WHAT IS EXPECTED - The needed output is the run of lines below from the one containing "好运出租车 第31話 第41页" through the one containing "2025 World Laureates", copied exactly and free of pictures.

PROVIDED RECORDS -
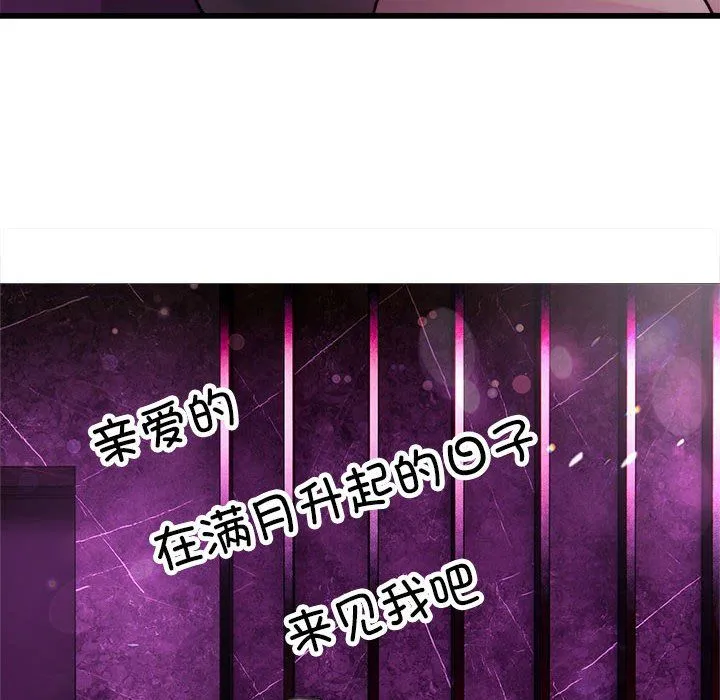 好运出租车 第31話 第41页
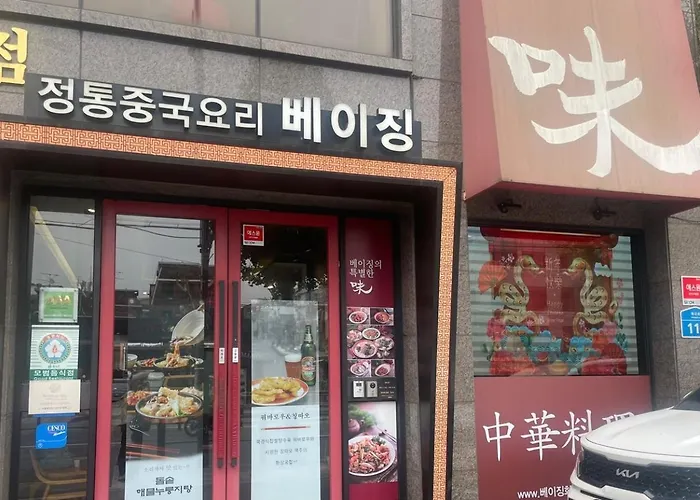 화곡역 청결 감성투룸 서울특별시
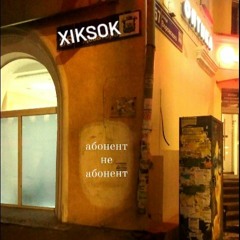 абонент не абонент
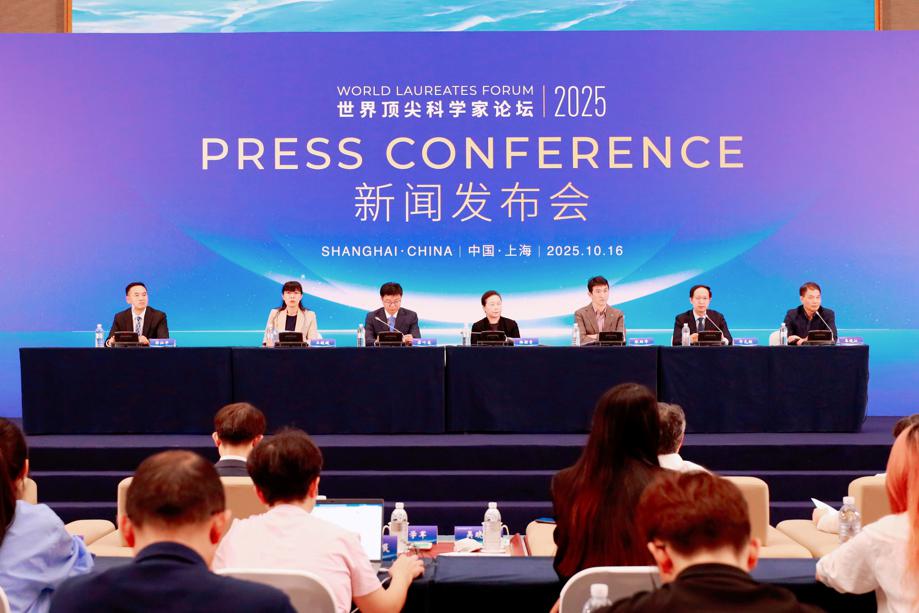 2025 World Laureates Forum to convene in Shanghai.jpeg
...
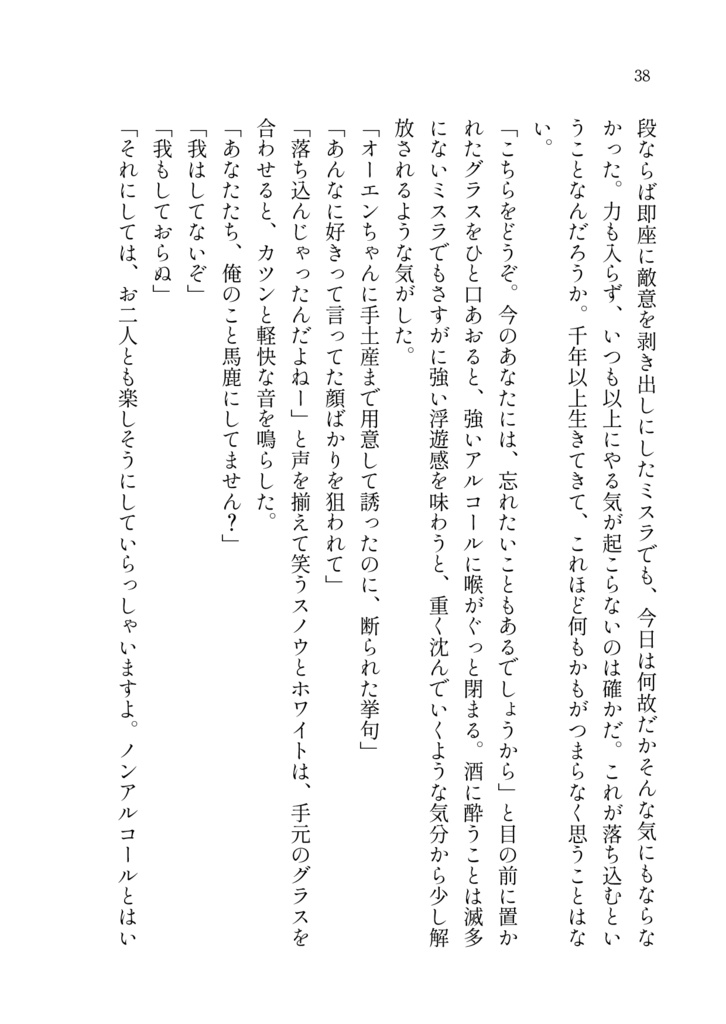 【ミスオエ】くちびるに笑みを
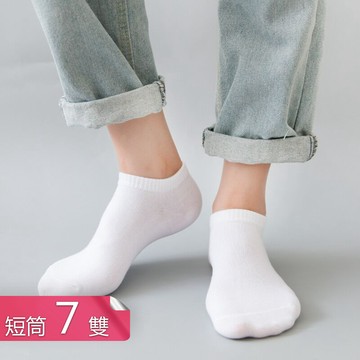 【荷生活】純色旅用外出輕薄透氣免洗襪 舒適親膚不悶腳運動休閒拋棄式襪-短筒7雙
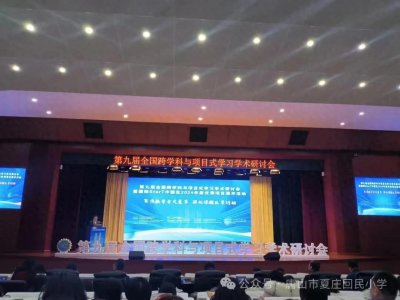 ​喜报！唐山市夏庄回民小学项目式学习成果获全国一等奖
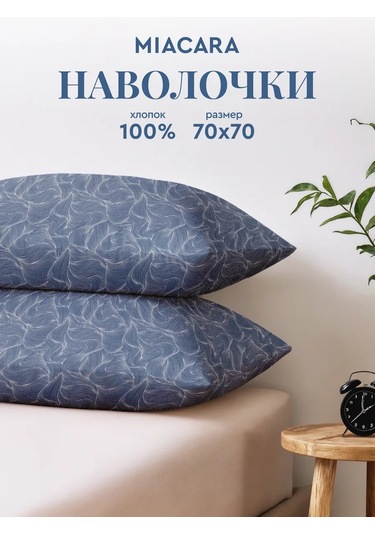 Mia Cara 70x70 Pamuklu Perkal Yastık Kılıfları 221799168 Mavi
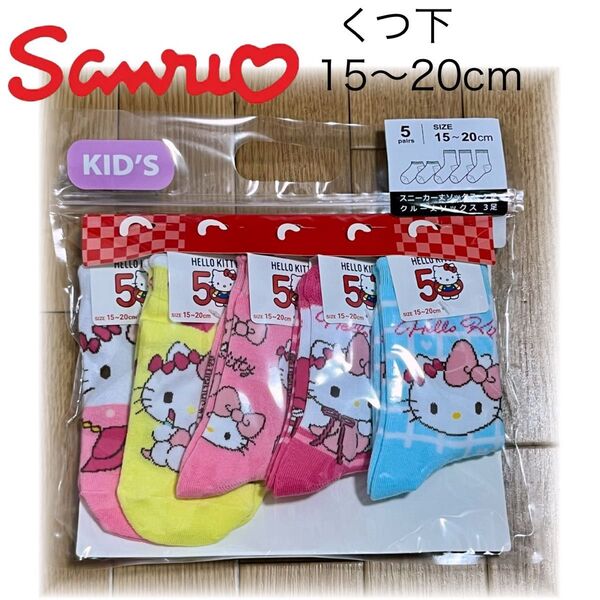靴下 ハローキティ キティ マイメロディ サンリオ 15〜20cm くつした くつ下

SOLUTION BELOW -
 好运出租车 第31話 第41页
 화곡역 청결 감성투룸 서울특별시
 абонент не абонент
 2025 World Laureates Forum to convene in Shanghai.jpeg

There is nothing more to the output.